Reaction Time Analysis: The exponential Gaussian

Reaction time analysis, using an Exgaus.
Reaction Times
Modeling
R
Author

Simon R. Steinkamp

Published

April 30, 2020

The (not so) easy task of analyzing reaction times.

This is the non-interactive Version of the analysis! You can find the interactive notebook here, caution it’s about 7MB in size, so not your average website!

All code can be found in rmarkdown documents on Github https://github.com/SRSteinkamp/ReactionTimeWrangling/exgauss

Analyzing reaction times has a long history in psychology and (cognitive) neuroscience. Most people who studied Psychology in university have conducted classical psychological experiments. For example investigating the Stroop task. You might have encountered the stimuli, with the typical task to spell out loud as fast as possible written color names:

  • \(\\color{red}{\\text{RED}}\)
  • \(\\color{yellow}{\\text{BLUE}}\)
  • \(\\color{blue}{\\text{YELLOW}}\)
  • \(\\color{green}{\\text{GREEN}}\)

After running such a task, with many more word-color pairs and different participants, a typical question in undergrad might be: Are participants significantly faster while reading matching color words (\(\\color{green}{\\text{GREEN}}\)) than reading non-matching color words (\(\\color{blue}{\\text{GREEN}}\))? A straightforward answer would be to average the reaction times in the non-matching and matching conditions for each participant and then compare the two conditions using for example a paired t-test. Yes, if p < 0.05 and no, if p > 0.05.

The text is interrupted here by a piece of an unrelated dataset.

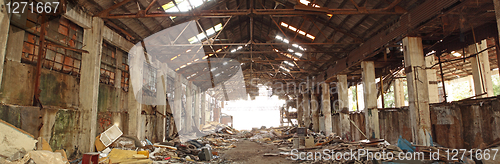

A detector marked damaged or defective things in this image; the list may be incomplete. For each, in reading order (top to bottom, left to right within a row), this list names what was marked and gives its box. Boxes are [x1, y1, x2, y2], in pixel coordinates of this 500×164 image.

Results are in and everything is fine? If you start wondering whether this is the correct way of analysis, you might find more and more and is more. Different discussions about:

  • Should conditions across participants be averaged using the mean or the median?
  • Should data be averaged at all?
  • How to define outliers?
  • Could a drift-diffusion model provide the key insights?
  • Is null hypothesis significance testing meaningful?

All of these questions are not really in my main field of expertise (no worries I won’t deal with the last one ;) , but I found reading about reaction time analyses weirdly entertaining and very interesting, and I wanted to start with blogging. So here is the first one of a couple of experiments I am planning to do. There is no particular order but all are based on some questions that arose while looking at different papers.

So maybe there is something useful here for you, or not. Or you disagree or have comments, suggestions, etc. please get in touch!

Here is the first part:

Part 1 - How many trials do I need to fit an Ex-Gauss?

Data below is generated sampling 100000 observations from two Ex-Gaussian distributions with μ = 300, σ = 20, τ = 300 (red) and μ = 500, σ = 50, τ = 100. Note, that both distributions have the same mean of 600 (the black dashed line). To the left the two components of the Ex-Gaussian are presented - the Gaussian and the Exponential distributions. Here again the dashed-lines describe the mean of the corresponding distributions.

The Ex(ponential) Gauss(ian) distribution, is the sum of a Gaussian distribution parametrized by μ, and σ, which define the “body” of the distribution, with an Exponential function (τ) describing the skew to the right. The normally distributed body, with a long tail, has been found to closely match the distribution of reaction time data found in many experiments (Palmer et al. 2011). While the fit to experimental data seems to be ideal, the parameters itself do not seem to be related to any specific cognitive constructs. At least, the discussion is still ongoing (Spieler, Balota, and Faust 2000). The strength of fitting distributions to reaction times is seen in the ability to provide a finer description than for example a summary of a certain condition using the mean or the median. Different combinations of the Ex-Gauss parameters μ and τ, for example can lead to the same mean. So comparing two conditions for example might provide the same summary statistics, but the distributions might have a very different spread and skew.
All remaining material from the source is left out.